Open hoodmane opened 1 month ago
Indeed we need some more robust test for micropip.freeze, especially its compatibility with pyodide-lock (https://github.com/pyodide/micropip/issues/88).
By the way, is it possible to install fastapi in Pyodide, without skipping some packages? When I try to install it in the browser, I get: Can't find a pure Python 3 wheel for 'ujson!=4.0.2,!=4.1.0,!=4.2.0,!=4.3.0,!=5.0.0,!=5.1.0,>=4.0.1'.
Are you on latest? It works in pip.
@jaraco this might be a good first issue.
I'm getting started with this issue. Attempting to follow the repro instructions, I first don't want to run pip install pyodide-build
, because that implies installing to a system Python or another virtualenv. So instead, I've found I can install using pipx
but I need to supply the --include-deps
in order to get the pyodide
command (and not just the pyodide-build
command).
Next, I tried to create the virtualenv, but it fails:
draft @ pyodide venv .venv
xbuild environment already exists, skipping download
Installing xbuild environment
Creating Pyodide virtualenv at .venv
Expected host Python version to be 3.11 but got version 3.12
draft @ _.rtn
1
It wasn't obvious to me at first the command had failed. The message
Expected host Python version to be 3.11 but got version 3.12
looks more like a warning or informational message than an error. This does remind me that I need to work on my shell prompt to show when the last command was a failure.

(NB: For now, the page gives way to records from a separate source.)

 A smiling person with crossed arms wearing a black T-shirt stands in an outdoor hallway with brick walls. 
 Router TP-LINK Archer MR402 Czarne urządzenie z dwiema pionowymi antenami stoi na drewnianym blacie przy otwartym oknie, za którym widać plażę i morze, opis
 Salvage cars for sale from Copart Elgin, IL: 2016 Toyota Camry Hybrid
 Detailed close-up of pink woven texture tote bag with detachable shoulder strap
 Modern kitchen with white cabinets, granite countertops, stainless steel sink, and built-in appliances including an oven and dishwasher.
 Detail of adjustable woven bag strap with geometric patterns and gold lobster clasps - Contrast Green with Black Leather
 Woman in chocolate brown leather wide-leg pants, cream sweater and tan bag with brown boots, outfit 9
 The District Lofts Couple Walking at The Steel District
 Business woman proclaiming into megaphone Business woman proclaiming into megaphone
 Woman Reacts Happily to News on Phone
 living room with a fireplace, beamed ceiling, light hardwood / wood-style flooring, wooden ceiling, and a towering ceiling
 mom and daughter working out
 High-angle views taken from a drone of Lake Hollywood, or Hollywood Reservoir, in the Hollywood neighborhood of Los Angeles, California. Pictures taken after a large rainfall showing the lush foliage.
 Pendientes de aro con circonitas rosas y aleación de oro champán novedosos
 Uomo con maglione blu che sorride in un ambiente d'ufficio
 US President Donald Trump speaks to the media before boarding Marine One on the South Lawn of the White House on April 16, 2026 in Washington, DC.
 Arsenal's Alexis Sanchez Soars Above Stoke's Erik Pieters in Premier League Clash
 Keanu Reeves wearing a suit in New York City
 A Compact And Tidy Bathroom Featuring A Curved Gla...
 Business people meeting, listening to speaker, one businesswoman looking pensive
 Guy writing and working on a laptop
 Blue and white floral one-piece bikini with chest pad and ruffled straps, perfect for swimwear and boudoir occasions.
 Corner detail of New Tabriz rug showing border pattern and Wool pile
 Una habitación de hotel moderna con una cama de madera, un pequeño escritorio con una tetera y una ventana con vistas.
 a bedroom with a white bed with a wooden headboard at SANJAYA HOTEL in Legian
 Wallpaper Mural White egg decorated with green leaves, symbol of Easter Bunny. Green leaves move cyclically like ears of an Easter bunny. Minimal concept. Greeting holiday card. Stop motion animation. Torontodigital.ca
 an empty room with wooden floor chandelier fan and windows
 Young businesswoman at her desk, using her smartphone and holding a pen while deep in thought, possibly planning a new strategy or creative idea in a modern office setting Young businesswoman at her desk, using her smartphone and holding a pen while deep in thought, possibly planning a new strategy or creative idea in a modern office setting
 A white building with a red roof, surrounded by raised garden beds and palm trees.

So it seems I need to install pyodide using Python 3.11. I used pipx to uninstall and then reinstalled with pipx install pyodide-build --include-deps --python 3.11
and now I'm able to create the virtualenv. \o/
After installing the virtualenv, I find that it doesn't honor pylauncher as I'd expect. Pylauncher does launch the Python in the virtualenv:
draft @ py -c 'import sys; print(sys.prefix)'
/Users/jaraco/draft/.venv
But when invoking pip, it seems to try to target the system environment:
draft @ py -m pip install fastapi
error: externally-managed-environment
× This environment is externally managed
╰─> ...
Read more about this behavior here: <https://peps.python.org/pep-0668/>
note: If you believe this is a mistake, please contact your Python installation or OS distribution provider. You can override this, at the risk of breaking your Python installation or OS, by passing --break-system-packages.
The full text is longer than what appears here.